The glactic equator in the galactic coordinate system runs through the constellations Sagittarius, Serpens, Scuta, Aqulla, Sagitta, Vulpeca, Cygnus, Cepheus, Cassiopeia, Camelopardalis, Perseus, Auriga, Taurus, Gemini, Orion, Monoeros, Canis Major, Puppis, Vela, Carina, Crux, Centaurus, Circinus, Norma, Ara, Scorpio, and Ophiuchus.
So by comparing the polar coordinates of the ecliptic and galax ctic coordiante systems, and the constellations that their equators run through, you can see that the plane that the planets in our Solar System orbit in is title by a large amoung from being parallel to the galactic plane.
Could most star systems have planetary orbits parallal to the galactic plane and our Solar System be a rare exception?
In our solar system, the planes of the orbits of the planets are tilted from the plane of the Sun's rotational equator by no more than a few degrees. And modern theories of planetary formation indicate that it would be usual and typical for planets to form with orbital planes near the plane of their star's rotational equator.

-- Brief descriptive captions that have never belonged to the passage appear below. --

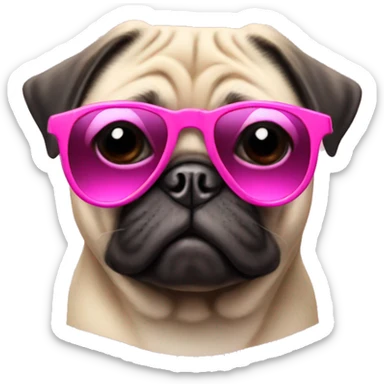 pug wearing pink sunglasses sticker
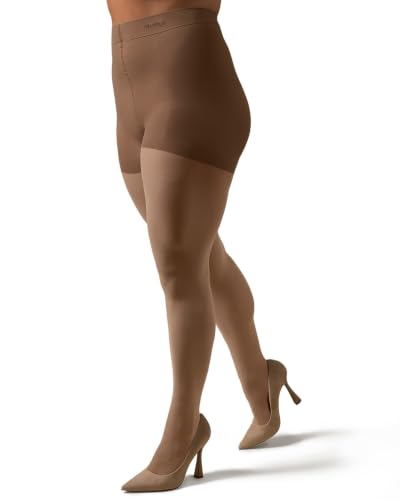 Image of MeMoi Plus Size Curvy Control Top Tights, Comfortable and Lightweight Tummy Control Tights - Sizes 1X-7X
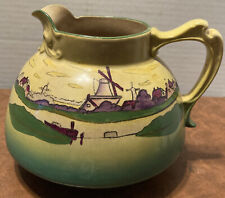 Rare Antique Haynes Ware Hand Painted Holland Sunset Pitcher Made In Holland picture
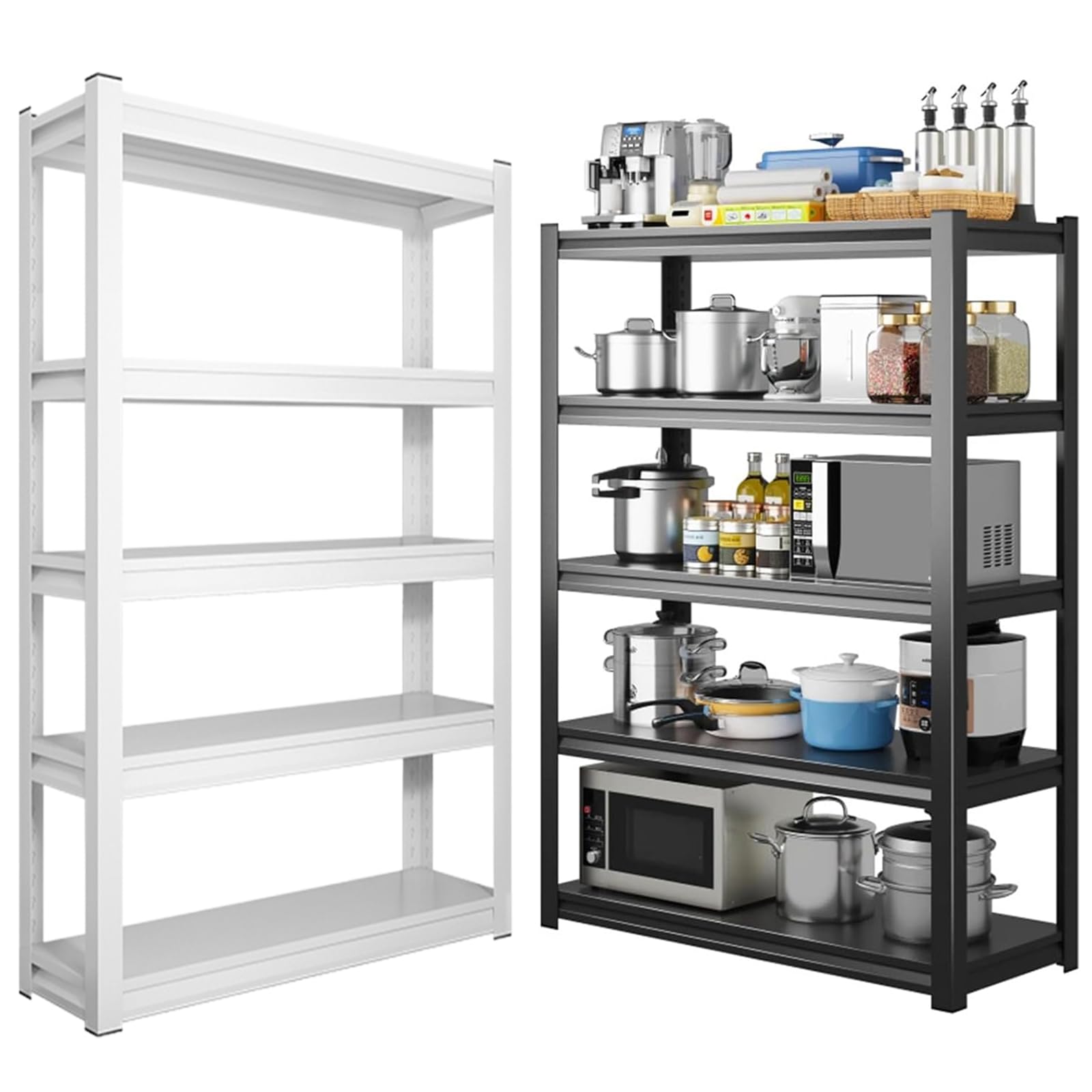 Scaffalatura in metallo resistente a 5 ripiani da 72 pollici - Scaffale regolabile in acciaio per garage, cantina, magazzino - Robusta finitura nera facile da montare, 182,9 cm H x 88,9 cm L x 40,6 cm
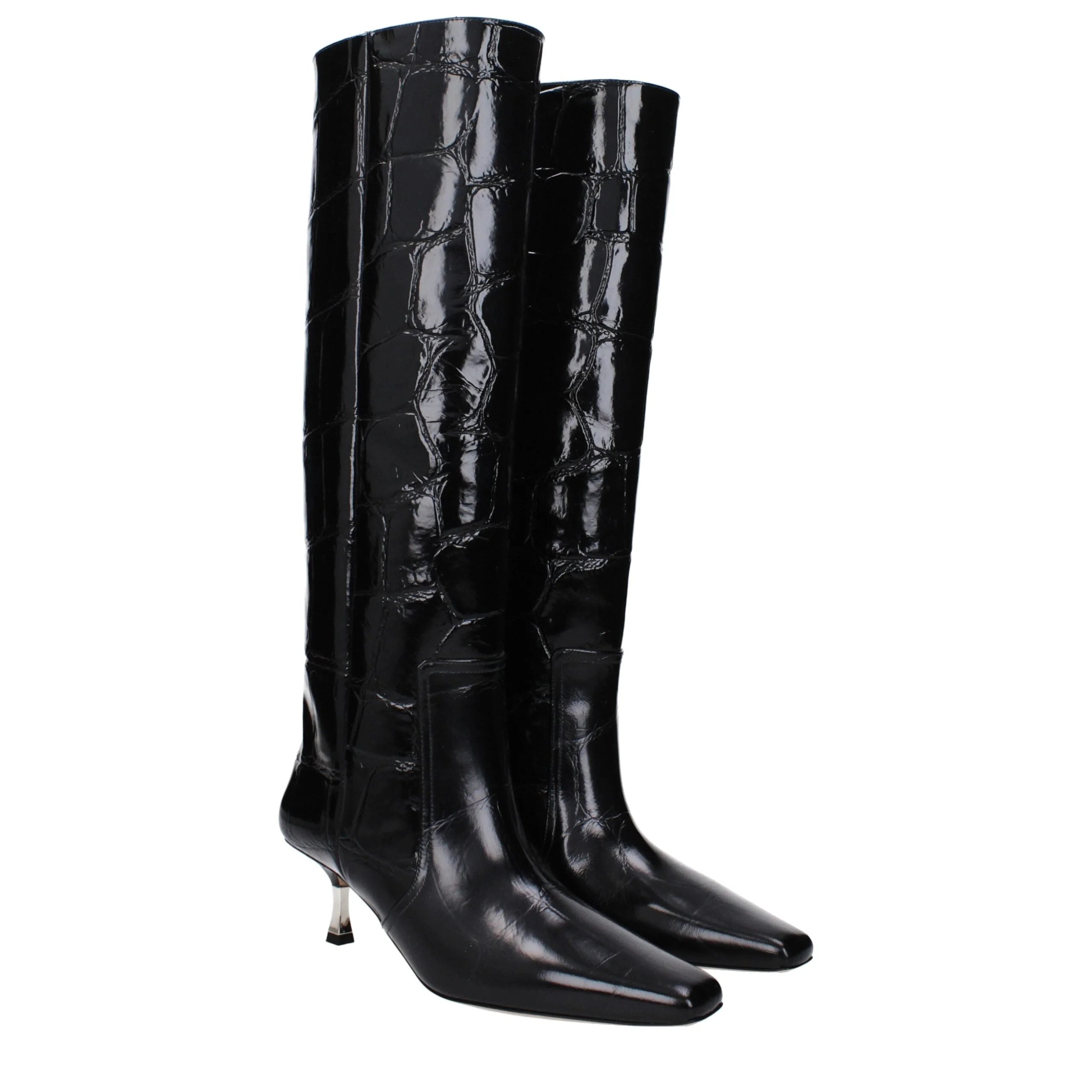 Paris Texas Black Leather High Heel Boots - EU37/US7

Planets whose orbital planes are greatly different from those of their stars should be rather rare. And as far as I know the rotational axis and planes of stars are randomly distributed.
Here is a sky map showing the positions of stars with known exoplanets:
The map is arranged in equatorial coordinates, but the Milky Way is marked on the map, and thus it can be seen that the stars with known eoxplanets are scattered all over the sky, including in directions which ae far from the galactic plane.
And here is a link to a list of constellations with the number of known exoplanets in them:
This shows that stars with known exoplanets are scattered all over the sky as seen from Earth.
And the usual methods for detecting exoplanets make it much easier to detect exoplanets orbiting their stars in orbital planes near to the line of slight between them and the Earth. Most of the 4,000 plus exoplanets detected so far have orbitalplaneswhich are not titled by very many degrees from the lines of sight between them and the Earth.
And that includes exoplanets orbiting stars in directins new to the galactic poles as seen from Earth. The orbital planes of those planets are close to being perpendicular - at right anges - to the galactic plane.
So the evidence indicates that the majority of planetary systems in our galaxy do not hve planetary orbits parallel to the galactic plane. Instead the planes of planetary orbits are orientated in various random directions.